Have to lobby for the underdog.


----------



## 489tad (Feb 26, 2010)

Voted

Thanks Jordan and Wayne!


----------



## jordanp (Feb 1, 2013)

Lets end this poll next Wednesday..

Sound good?


----------



## WayneC (Mar 8, 2007)

Sounds like a good plan to me.


----------



## WayneC (Mar 8, 2007)

Current standings


----------



## WhoMe (Jul 9, 2009)

What it's a grease pot?
What I picture is a fixture that is used in auto repair that is a pair of cones with a grease zerk that fills wheel bearings with grease.
Can't see that being useful in woodworking…
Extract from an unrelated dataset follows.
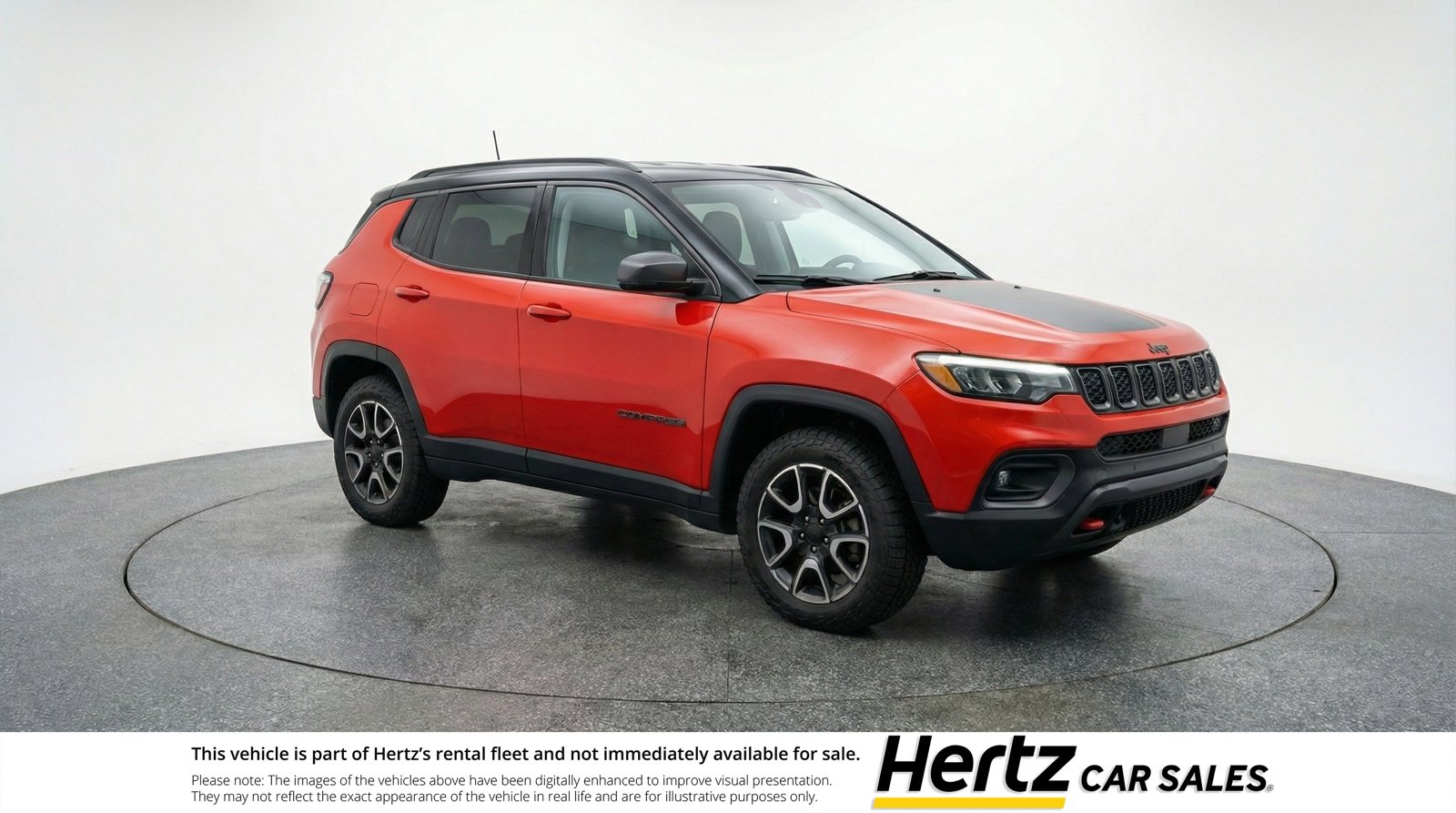 Used 2025 Jeep Compass Trailhawk AWD/4WD image 1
+ wasn't a marking tool swap just before the plane swap?


----------



## WayneC (Mar 8, 2007)

Here is a post from Mads on Grease Pots. They are used to hold lubricant for planes, saws, etc.

http://lumberjocks.com/mafe/blog/18541


----------



## fatandy2003 (Apr 4, 2012)

I still like the idea of a bit brace. Kinda like this one by Derek Cohen:



Lots of options for other designs too… but this won't be the last swap so I will go with the general consensus.

Cheers,


----------



## JayT (May 6, 2012)

Hmm, tempting, but I'll have to skip this swap because this woodworker's shop & project time will be put on hold until the end of hunting season.


----------



## vikingcape (Jan 3, 2013)

How about a table saw swap? I'll send you my craftsman table saw for one of your powermatics or something? Just kidding. I'll be watching because if I make a measuring tool for any of you, the leaning tower of pisa will be the end result


----------



## WayneC (Mar 8, 2007)

Another snapshot. Vote, Vote, Vote….


----------



## jordanp (Feb 1, 2013)

Cool cool love the enthusiasm guys. Yes we did marking gauges but this is a broader category you could make a square or a plumb bob and get a marking knife or dovetail angle marker.


----------



## Wally331 (Nov 8, 2012)

What do you guys think about screw-drivers? You can buy a set real cheap, and then take out the good bits and either turn or rasp out new handles, pretty simple and useful project.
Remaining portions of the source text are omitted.